Before additional reserve strengthening of EUR 297 million detailed herebelow, the underwriting results breakdown as follow: This result is made up as follows:

  a net underwriting profit of EUR 154 million for business excluding the 2001 and earlier underwriting years for SCOR US, CRP, and credit derivatives,
  a net underwriting loss of EUR 292 million for the 2001 and earlier underwriting years for SCOR US, CRP, and the credit derivatives portfolio.

The Non-life technical operating results (i.e. underwriting result minus operating expenses, and plus allocated investment income) amounted to a loss of EUR 339 million for the first nine months of 2003.

Taking into account a technical operating profit of EUR 56 million in Life reinsurance, the Group registered a technical operating loss of EUR 283 million.

After other income and charges (in particular a write down on deferred tax credits), the Group registered a net loss of EUR 349 million.

In view of this loss and exchange range movements, Group shareholders’ equity has been reduced from EUR 1,070 million at December 31, 2002 to EUR 629 million at September 30, 2003, necessitating a strengthening of shareholders’ equity.


4.1. — Life operations: spinning off the Group’s life business with no change of ownership

SCOR has decided not to open up the capital of its Life reinsurance subsidiary. Bids received for the sale of this subsidiary do not fully reflect the value of this business, which represents a source of stable and recurring revenues for the Group. SCOR nevertheless plans to proceed with the transfer of its Life reinsurance activities to this newly-formed subsidiary in order to bolster its development.

4.2 — Launching capital increase

In order to bolster the Group’s solvency, allowing it to pursue its current underwriting policy and so profit fully from favorable conditions in the reinsurance market, the Board of Directors has approved the plan to increase SCOR’s capital with preferential subscription rights. of around EUR 600 million.

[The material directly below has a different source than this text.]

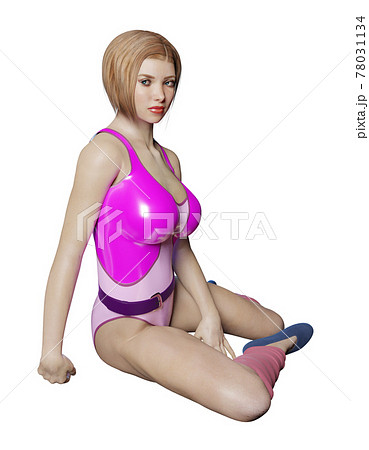 エアロビクス 78031134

This amount will allow the Group, after taking into account the losses, to significantly increase the net asset value of the Group compared to December 31 2002. Shareholders will shortly be invited to attend an Extraordinary General Meeting to vote on the financial resolutions necessary for this capital increase and to the prior reduction in the nominal value of the shares.

Shareholders who are members of the Board have unanimously agreed to support the right issue thereby already allowing an underwriting in excess of 50%.


Results at September 30, 2003

1.     Results at September 30, 2003

The Group has registered a technical operating loss of EUR 283 million at September 30, 2003, compared with a loss of EUR 495 million at end-September 2002.



The net loss for the Group for the first nine months of the year works out to EUR 349 million, representing a net loss per share of EUR 2.56.

Net assets per share at end-September 2003 amount to EUR 4,62, against EUR 7.84 one year earlier.

Operating cash flow totaled EUR 295 million at September 30, 2003, compared with EUR 100 million at September 30, 2002. Net cash for the first nine months of 2003 amounts to EUR 2 121 million.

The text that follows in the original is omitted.